上図の左端に見える橋が、本栖湖から甲州いろは坂を下りて、古関地区への道に進んで渡った橋です。また、道を北へ進むと、国道300号線本栖みちに合流します。右へ曲がる道は、地図で見ると地区内の路地へと枝分かれしています。
そして、この赤っぽい壁の建物は、いまは少し北に移転している郵便局の旧施設です。劇中で志摩リンがバイトしている書店のモデルです。概観は色々と異なりますが、それらしい雰囲気はあります。
劇中では、武田書店となっています。アニメ画像はこれだけですが、原作コミック第5巻の20ページ3コマ目や23ページ5コマ目や24ページ5コマ目では付近の景色も幾つかのアングルで登場しており、舞台が古関地区であることが分かります。
このエリアに限らず、「ゆるキャン△」の聖地の景色に関しては、アニメよりも原作の方が幾つかのシーンを描いているため、現地への巡礼行動に際しては、原作コミックを携行したほうが、現地での場所特定などが容易になります。アニメでは、限られた尺のなかで相当の場面を削っていますから、原作では分かる場面が劇中では分からなかったりする場合が少なくありません。
古関地区から国道300号線本栖みちに戻りました。上図の三叉路が、原作コミック第5巻86ページ1コマ目に描かれています。志摩リンが母の咲から古関地区の路面が凍結した旨を知らされるシーンです。
本栖みちを下り、常葉バイパスのトンネルの手前で右にそれて旧本栖みちの県道419号線に進み、ダイハツさんの販売所の前を過ぎて少し進み、標識にしたがって左折して坂を上ると、左手に上図の常幸院の駐車場がありました。最近に「ゆるキャン△」巡礼者向けに、駐車場を開放していると聞きましたので、甘えさせていただきました。

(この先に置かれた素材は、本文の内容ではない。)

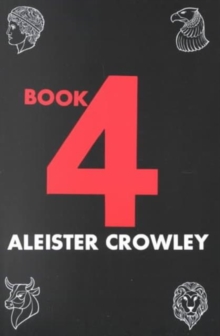 Book 4, Paperback Book Book 4, Paperback Book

駐車場入口の脇に建つ小堂の壁には、最近に貼られた「ゆるキャン△」聖地巡礼の案内表示板がありました。常幸院は、本栖高校のモデル地となった旧下部中学校のすぐ下隣にありますので、住職が巡礼ファンの動きを知ってかなりノリノリになり、地元の方々を巻き込んで積極的に対応して下さったということのようです。
というより、住職自身がファンになっているのではないか、と思います。なにしろ、しっかり「本栖高校」とアニメ劇中の名称で表記されています。こんな本格的な聖地巡礼の案内表示板は、初めて見た気がします。ガルパンの大洗にも、けいおんの豊郷にも、これだけのレベルの案内表示はありません。
駐車場の脇に並ぶ羅漢石像の列の上に、本栖高校つまり旧下部中学校がそびえたちます。五条ヶ丘と呼ばれる丘陵上に学校敷地があります。かつて戦国期には武田氏の狼煙台が置かれていた地と伝わります。
常幸院の山門にあたる「光明門」です。両脇を石造の金剛力士像が固めています。宗派は曹洞宗、山号は金龍山です。本尊は、禅刹には珍しい千手観音菩薩ですが、創建を14世紀後半と伝える他は由緒が詳らかでないようなので、おそらくは流転衰微の歴史を背負って一度は廃絶を経験しているものと推測されます。古記録類が豊富に伝わっていれば、寺史はもっと明確に詳細に公表される筈ですが、その形跡が感じられませんので、古い記録は失われているのかもしれません。
境内地に進みました。正面に本堂、右手に庫裏が建ちます。いずれも近世以降の成立になるようで、境内地そのものも一度大きく造り替えられたような感じで、ありようとしては江戸期の禅寺の形態に整えられています。とても14世紀後半に成立した寺の構えには見えませんでした。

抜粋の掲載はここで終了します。